Wie aber sieht dieses Thema in ihren Romanen konkret aus? Hier wird es spannend: Jane Austens Romane sind voller Witz, Ironie und Humor. Es ist schwierig herauszufiltern, was alles ernst gemeint ist, was nicht. Wer eins der Bücher aufschlägt, wird sich wundern, wie viel Parodie in ihnen steckt. Ein Roman, der mit „It’s a truth universally acknowledged that a single man in possession of a good fortune must be in want of a wife” beginnt, kann sich selbst nicht allzu ernst nehmen. Diese Mehrdeutigkeit lässt viel Spielraum für Interpretationen – und wie sich Jane Austens Romane interpretieren lassen wird in der Literaturwissenschaft immer wieder heiß diskutiert.

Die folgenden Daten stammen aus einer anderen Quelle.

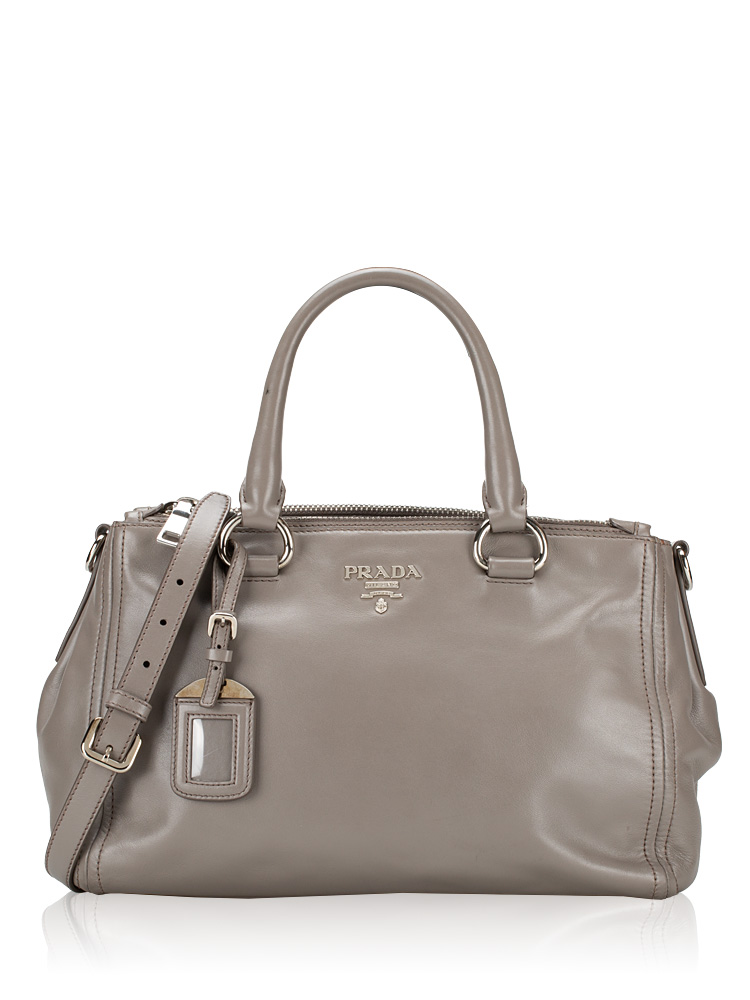 BN2866 Soft Calf Double Zip Shoulder Bag Argilla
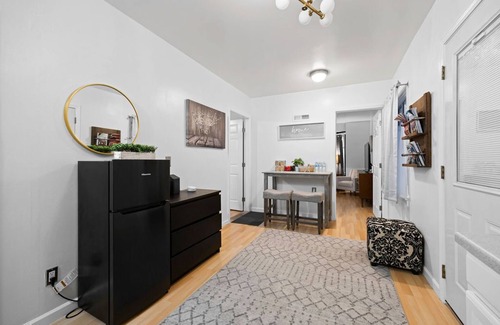 Sunnyside House | Spacious & Clean 2 Master Bedrooms+ 2 Bathrooms in San Francisco. Free Parking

Man kann zum Beispiel Mansfield Park einfach als plumpe, prüde Liebesgeschichte lesen, in der sich die Protagonistin Fanny besonders tugendhaft verhält – und als Belohnung im letzten Kapitel ihren geliebten Cousin Edmund heiraten darf (nicht ohne Grund ist Mansfield Park der unbeliebteste unter den Austen-Romanen). Schaut man aber genauer hin, findet man im Plot viele Ungereimtheiten, welche die scheinbar unscheinbare Liebesgeschichte ins Wanken bringen. Zum einen sagt der Roman selbst, Fanny hätte auch mit dem geläuterten Casanova Henry Crawford glücklich werden können – und hebelt einfach so nebenbei das Konzept einer einzigen schicksalhaften „Liebe“ aus. Viel mehr noch: Die Literaturwissenschaftlerin Nina Auerbach sieht in Fanny einen glückaussaugenden Vampir, der auf Kosten anderer sein Happy Ending erhält.

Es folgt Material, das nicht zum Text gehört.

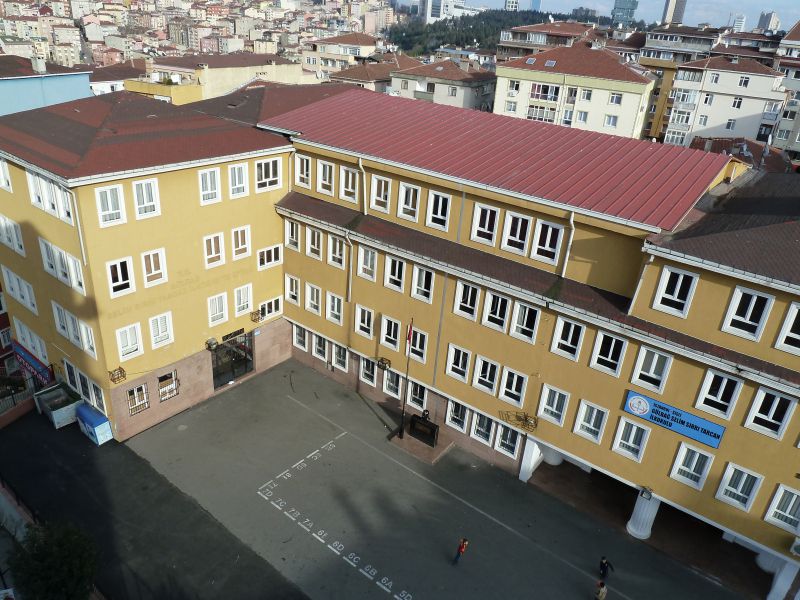 Gülbağ Selim Sırrı Tarcan İlkokulu 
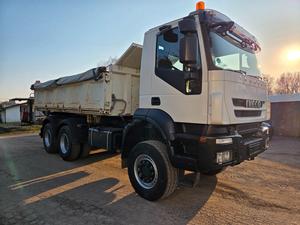 รถบรรทุก Iveco Trakker AD260T45W 6x6 ดีเซล เกียร์อัตโนมัติ พวงมาลัยซ้าย 12 สปีด 450 แรงม้า สำหรับงานขนส่ง - Product Image 3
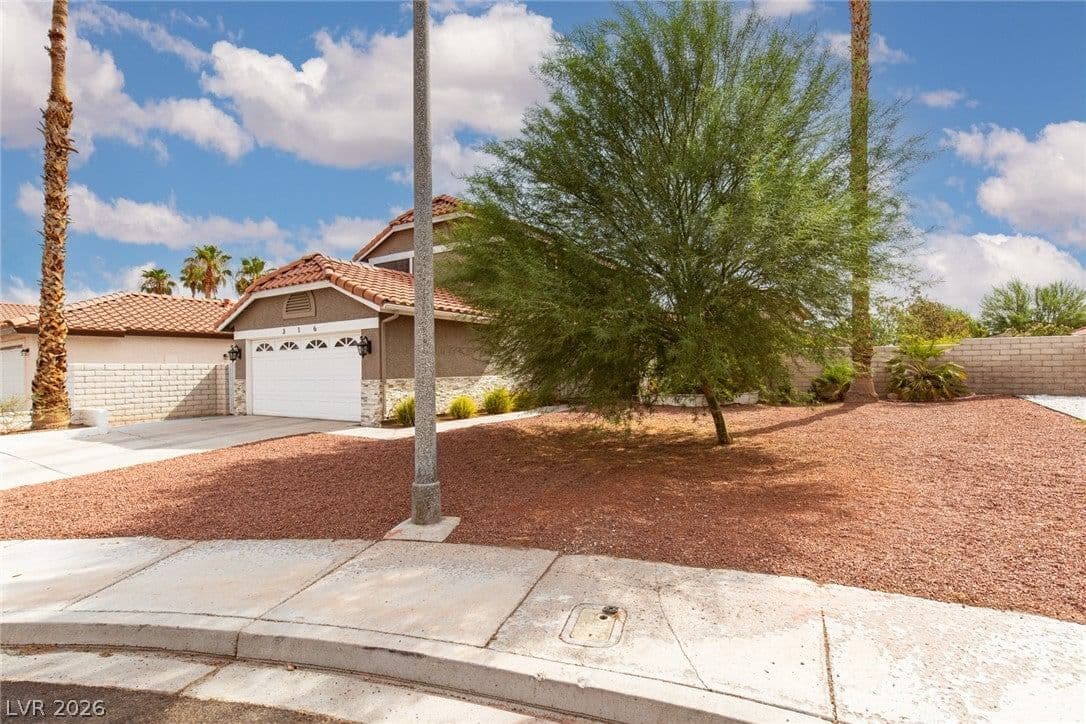 316 Brent Court photo 3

Nicht einmal im vermeintlich romantischsten Jane Austen Roman Pride and Prejudice ist die Liebesgeschichte so einfach, wie sie scheint. Die aufgeweckte Elizabeth Bennet verliebt sich in den stolzen, reichen Mister Darcy, den sie zuvor noch wegen seiner Eitelkeit verurteilt hat. Die beiden heiraten – Ende. Aber warum verliebt sich Elizabeth in Darcy? Trotz aller Romantik verliert der Roman nie die harte ökonomische Realität des 19. Jahrhunderts aus den Augen. Denn heiraten die Bennet-Töchter nicht, gehen sie nach dem Tod ihres Vaters leer aus – vererbt wird im damaligen England nur an männliche Nachkommen. Daher ist Elizabeths Antwort auf die Frage – „I believe I must date it from my first seeing his beautiful grounds at Pemberley.“ – von ihr zwar ironisch gemeint, zugleich aber doch bittere Wahrheit.

Kitsch, plumpe Romantik und übertriebene Liebesschwüre sind bei Jane Austen also Fehlanzeige. Viel mehr entlarven die Romane „wahre Liebe“ (was auch immer das sein soll) als idealistisches Konstrukt, das in einer sozialen Welt nicht funktioniert. Zumindest ist das eine der Lesarten. Es gibt aber noch viele andere – denn in erster Linie sind ihre Romane eins: Trotz der scheinbar simplen Oberfläche erstaunlich vielschichtig. Also – wenn du das nächste Mal in einem Buchladen stehst und nicht weißt, was du kaufen sollst: Gib doch Jane Austen einfach mal eine Chance.